▶ PROBLEM DETAILS: Would you please transcribe, exactly as written, the lines of the entries below starting at the one that holds "How is that" and ending at the one that holds "Align your SLOs", both included?

========

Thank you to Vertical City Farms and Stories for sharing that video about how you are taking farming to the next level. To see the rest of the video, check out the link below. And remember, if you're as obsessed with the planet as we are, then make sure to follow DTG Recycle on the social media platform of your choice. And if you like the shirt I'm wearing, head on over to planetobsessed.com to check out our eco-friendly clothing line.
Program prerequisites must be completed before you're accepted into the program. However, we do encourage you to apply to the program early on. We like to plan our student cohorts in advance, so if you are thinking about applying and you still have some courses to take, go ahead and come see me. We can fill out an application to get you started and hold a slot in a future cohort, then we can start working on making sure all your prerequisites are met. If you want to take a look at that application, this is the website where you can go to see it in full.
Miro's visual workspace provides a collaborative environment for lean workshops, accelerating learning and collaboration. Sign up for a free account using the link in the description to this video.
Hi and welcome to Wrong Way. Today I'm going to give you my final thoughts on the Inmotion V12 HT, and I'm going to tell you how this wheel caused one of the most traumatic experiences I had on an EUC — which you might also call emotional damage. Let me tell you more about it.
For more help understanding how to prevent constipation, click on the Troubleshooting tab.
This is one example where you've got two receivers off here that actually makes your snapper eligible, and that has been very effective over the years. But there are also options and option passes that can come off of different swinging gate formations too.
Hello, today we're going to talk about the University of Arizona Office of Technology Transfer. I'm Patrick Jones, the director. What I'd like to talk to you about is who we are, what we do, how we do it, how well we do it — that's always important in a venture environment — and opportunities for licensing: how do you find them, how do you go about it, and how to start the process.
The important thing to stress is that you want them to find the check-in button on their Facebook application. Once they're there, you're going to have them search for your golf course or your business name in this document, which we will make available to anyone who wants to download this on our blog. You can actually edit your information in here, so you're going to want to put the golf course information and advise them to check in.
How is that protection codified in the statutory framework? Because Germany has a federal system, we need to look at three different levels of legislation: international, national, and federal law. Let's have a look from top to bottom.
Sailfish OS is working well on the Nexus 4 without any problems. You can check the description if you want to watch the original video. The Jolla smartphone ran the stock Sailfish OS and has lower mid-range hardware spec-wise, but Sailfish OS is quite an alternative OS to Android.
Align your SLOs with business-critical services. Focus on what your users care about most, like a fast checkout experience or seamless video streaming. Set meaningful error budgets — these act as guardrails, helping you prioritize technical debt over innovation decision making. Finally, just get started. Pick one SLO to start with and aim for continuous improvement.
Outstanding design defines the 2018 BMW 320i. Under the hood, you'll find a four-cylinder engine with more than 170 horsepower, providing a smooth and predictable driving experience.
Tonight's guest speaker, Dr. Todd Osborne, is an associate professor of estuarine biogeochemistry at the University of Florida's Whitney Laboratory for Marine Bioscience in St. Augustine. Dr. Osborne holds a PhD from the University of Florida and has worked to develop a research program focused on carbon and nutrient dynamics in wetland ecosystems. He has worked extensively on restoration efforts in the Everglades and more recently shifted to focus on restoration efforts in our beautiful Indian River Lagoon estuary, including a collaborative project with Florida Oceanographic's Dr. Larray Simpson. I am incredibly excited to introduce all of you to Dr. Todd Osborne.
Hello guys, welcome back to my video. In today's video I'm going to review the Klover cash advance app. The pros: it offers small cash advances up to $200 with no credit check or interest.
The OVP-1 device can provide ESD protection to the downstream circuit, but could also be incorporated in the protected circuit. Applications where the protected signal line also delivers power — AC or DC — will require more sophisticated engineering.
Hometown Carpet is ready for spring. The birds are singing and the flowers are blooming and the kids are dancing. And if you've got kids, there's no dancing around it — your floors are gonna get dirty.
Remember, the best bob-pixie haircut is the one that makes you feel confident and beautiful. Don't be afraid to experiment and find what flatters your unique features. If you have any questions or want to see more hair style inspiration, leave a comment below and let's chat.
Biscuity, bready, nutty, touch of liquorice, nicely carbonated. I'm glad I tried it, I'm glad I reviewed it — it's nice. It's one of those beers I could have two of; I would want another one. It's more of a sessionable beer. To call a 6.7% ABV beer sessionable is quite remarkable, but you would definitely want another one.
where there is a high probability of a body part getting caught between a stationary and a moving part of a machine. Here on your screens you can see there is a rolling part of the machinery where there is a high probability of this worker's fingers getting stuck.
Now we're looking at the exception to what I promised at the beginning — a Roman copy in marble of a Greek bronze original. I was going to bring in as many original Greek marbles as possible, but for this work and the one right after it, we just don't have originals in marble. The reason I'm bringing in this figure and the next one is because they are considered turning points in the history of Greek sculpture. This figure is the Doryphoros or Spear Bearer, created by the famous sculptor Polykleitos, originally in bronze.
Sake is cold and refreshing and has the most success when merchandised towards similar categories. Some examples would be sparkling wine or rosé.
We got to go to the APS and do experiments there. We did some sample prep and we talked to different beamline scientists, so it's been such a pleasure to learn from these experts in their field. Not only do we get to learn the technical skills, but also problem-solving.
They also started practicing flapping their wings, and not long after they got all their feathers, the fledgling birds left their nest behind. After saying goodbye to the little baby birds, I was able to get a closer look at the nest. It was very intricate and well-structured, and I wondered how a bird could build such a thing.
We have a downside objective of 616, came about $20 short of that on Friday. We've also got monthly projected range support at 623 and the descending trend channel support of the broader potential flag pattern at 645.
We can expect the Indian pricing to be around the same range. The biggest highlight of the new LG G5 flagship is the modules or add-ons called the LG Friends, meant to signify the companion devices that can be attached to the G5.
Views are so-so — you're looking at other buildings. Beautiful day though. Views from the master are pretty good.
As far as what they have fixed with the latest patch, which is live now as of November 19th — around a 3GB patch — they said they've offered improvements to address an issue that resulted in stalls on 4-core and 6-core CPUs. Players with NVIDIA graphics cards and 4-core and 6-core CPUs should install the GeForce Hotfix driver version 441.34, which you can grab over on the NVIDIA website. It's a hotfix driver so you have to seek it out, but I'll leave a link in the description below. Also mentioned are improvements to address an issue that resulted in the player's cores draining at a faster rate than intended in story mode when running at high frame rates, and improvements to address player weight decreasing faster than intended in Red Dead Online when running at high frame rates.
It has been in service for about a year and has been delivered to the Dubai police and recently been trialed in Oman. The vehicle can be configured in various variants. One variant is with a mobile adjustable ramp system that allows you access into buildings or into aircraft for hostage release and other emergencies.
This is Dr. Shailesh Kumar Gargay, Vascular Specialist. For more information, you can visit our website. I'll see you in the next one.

========

▶ EXERCISE ANSWER:
How is that protection codified in the statutory framework? Because Germany has a federal system, we need to look at three different levels of legislation: international, national, and federal law. Let's have a look from top to bottom.
Sailfish OS is working well on the Nexus 4 without any problems. You can check the description if you want to watch the original video. The Jolla smartphone ran the stock Sailfish OS and has lower mid-range hardware spec-wise, but Sailfish OS is quite an alternative OS to Android.
Align your SLOs with business-critical services. Focus on what your users care about most, like a fast checkout experience or seamless video streaming. Set meaningful error budgets — these act as guardrails, helping you prioritize technical debt over innovation decision making. Finally, just get started. Pick one SLO to start with and aim for continuous improvement.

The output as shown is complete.